Fascinated by living things as a small child, Richard Flavell admits he wasn't much of a student until an inspiring teacher turned him on to chemistry as a teenager. "Then, it seemed natural to want to understand living things from a chemical viewpoint," he remembers. "That was an early decision I made."
After obtaining degrees in biochemistry, he completed postdoctoral stints at the University of Amsterdam and the University of Zurich. In Zurich, working with Charles Weissmann, Flavell modified genes in a virus and looked at the effects of those changes. The results, published in 1974, represented the first example of what scientists now call "reverse genetics"—changing a gene and analyzing the results.
"Before that, all genetics was forward genetics," Flavell says. "You had a mouse, for example, with a funny phenotype—maybe it runs in circles. So you try to get at the genes causing that behavior. If you worked hard enough, you discovered them. The new way was different—we changed the gene and then saw the consequences."
The research left a lasting impression on the field of genetics, as well as on Flavell.
"It was great fun, and it had broad implications," he says. "That work taught me that if you think it through, you can do something big, and doing something big takes just as much effort as doing something small."
A few years later, Flavell did something else big. As a faculty member at the University of Amsterdam, he showed that mammalian DNA contains introns: sections of genetic code that split up a gene into pieces.
In 1982 Flavell felt the time was right to dip a toe in the biotech pool, so he left the academic world to spend six years as chief scientific officer of Biogen, a biotechnology company headquartered in Cambridge, Massachusetts.
"I thought it would be an exciting thing to do," he remembers. "It was the dawn of biotech, when the technologies of molecular biology were first being applied to medicine."
Though Flavell enjoyed the experience, the balance between research and management eventually tipped too far toward the managerial end, and he accepted a position at Yale School of Medicine.
Flavell has spent the past two decades at Yale, where he uses reverse genetics in the mouse to study the immune system.

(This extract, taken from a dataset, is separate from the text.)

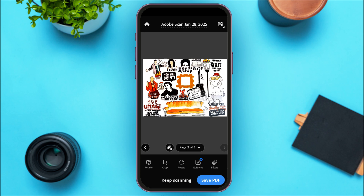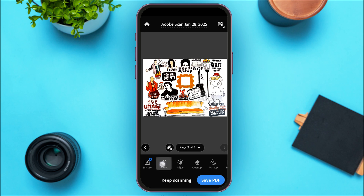You'll now be led to an editing interface where you can edit the PDF. Options include retake, crop, rotate, edit text, apply filters, adjust brightness, cleanup, and markup. Take advantage of these tools if needed before saving.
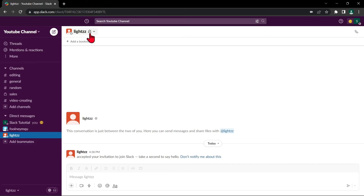Once you have muted someone, you will no longer receive notifications from them. But they will still be able to send you direct messages, see your online status, and add you to channels or groups.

Recently, he made a startling discovery in T cells, the workhorses of the immune system. "We've found that genes interact across chromosomes," he says. In the nucleus of a T cell, a master control gene on chromosome 11 may physically touch a gene on chromosome 10, inducing it to produce a protein that primes the cell to fight infection in a specific way.
"The genes use the same machinery they use to regulate one another within a chromosome," he says. "But they apparently can regulate genes on other chromosomes." The finding has wide-ranging implications for diseases that include autoimmune conditions and cancer.
While his scientific discoveries have advanced the field of genetics in multiple ways, Flavell also is known as a musician. He plays lead guitar and sings for the Cellmates, a band with a sound he describes as "classic rock, with an eclectic mix."
Formed in 1992, the band—all scientists save for Flavell's wife, Madlyn, on the keyboard—plays covers and original works. A Cellmates live set can include tunes from Chuck Berry, the Who, Tori Amos, and Phish, as well as songs about prions and grant writing.
The Cellmates isn't Flavell's first band, but he never seriously considered a career in music. "We do it because it's fun," he says, an echo of his thoughts about scientific research. "It's incredible fun."